Fri, Sep 22, 2006 - Page 17 News List

Buildinga tower of song

By Stephen Holden  /  NY TIMES SERVICE , NEW YORK

He's your man.


When Leonard Cohen speaks, the elevated cadences of language are strewn with poetic images so precisely articulated in a rumbling bass-baritone voice that they all but erase the distinction between his song lyrics and personal conversation. Each word is carefully chosen and pronounced with oratorical flourish. Even when his sepulchral drone isn’t bending itself around a melody, its sound is musical.

Here is one sample of his conversational style, from Lian Lunson’s wonderful documentary portrait, Leonard Cohen: I’m Your Man. Reflecting on the inspiration for his song The Traitor, he muses that it is about “failing or betraying some mission you were mandated to fulfill and being unable to fulfill it and then coming to understand that the real mandate was not to fulfill it but to stand guiltless in the predicament in which you found yourself.”
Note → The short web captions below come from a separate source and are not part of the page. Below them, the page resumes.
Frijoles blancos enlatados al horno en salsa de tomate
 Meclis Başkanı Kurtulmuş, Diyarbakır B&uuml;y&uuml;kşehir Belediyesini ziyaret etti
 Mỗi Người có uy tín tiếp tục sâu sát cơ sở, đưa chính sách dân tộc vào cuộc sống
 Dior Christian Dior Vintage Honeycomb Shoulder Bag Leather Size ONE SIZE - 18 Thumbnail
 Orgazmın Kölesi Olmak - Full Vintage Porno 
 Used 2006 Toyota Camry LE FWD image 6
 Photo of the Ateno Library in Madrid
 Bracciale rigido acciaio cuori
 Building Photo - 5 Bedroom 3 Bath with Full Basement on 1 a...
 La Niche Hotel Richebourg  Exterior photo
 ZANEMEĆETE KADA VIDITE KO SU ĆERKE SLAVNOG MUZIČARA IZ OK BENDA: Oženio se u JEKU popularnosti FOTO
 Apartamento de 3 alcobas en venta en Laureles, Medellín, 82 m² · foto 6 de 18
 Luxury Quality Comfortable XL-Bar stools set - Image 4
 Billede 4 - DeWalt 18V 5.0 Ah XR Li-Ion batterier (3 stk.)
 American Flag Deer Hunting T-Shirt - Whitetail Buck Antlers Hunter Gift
If a strain of gallows humor didn’t underlie many of Cohen’s pronouncements, such observations might sound insufferably pretentious. But he continually undercuts his own solemnity. Here is he is on his own mystique as a silver-tongued Casanova: “My reputation as a ladies’ man was a joke. It caused me to laugh bitterly the 10,000 nights I spent alone.”

Leonard Cohen: I’m Your Man combines pieces of an extended interview with this Canadian singer-songwriter, poet and author, now 71, with a tribute concert organized by Hal Willner at the Sydney Opera House in January 2005. Titled Came So Far for Beauty (after a Cohen song), the event featured performances of many of Cohen’s best-known songs by Nick Cave, Rufus Wainwright, Kate and Anna McGarrigle, Martha Wainwright and Antony (of Antony and the Johnsons), among others.

Film Notes

Leonard Cohen: I'm Your Man

Directed by: Lian Lunson

Music by: Leonard Cohen

Performed: by Nick Cave, Kate and Anna McGarrigle, Rufus Wainwright, Martha Wainwright, Antony, Linda Thompson, the Handsome Family, Beth Orton, Teddy Thompson, Jarvis Cocker, Perla Batalla, Julie Christensen, Joan Wasser, U2

Running time: 104 minutes.

Taiwan release: Today

Some of the performers offer pungent personal comments. Cave recalls discovering Cohen’s Songs of Love and Hate album while living in a remote Australian town and suddenly “feeling like the coolest person in the world because it separated me from everyone and everything I detested.”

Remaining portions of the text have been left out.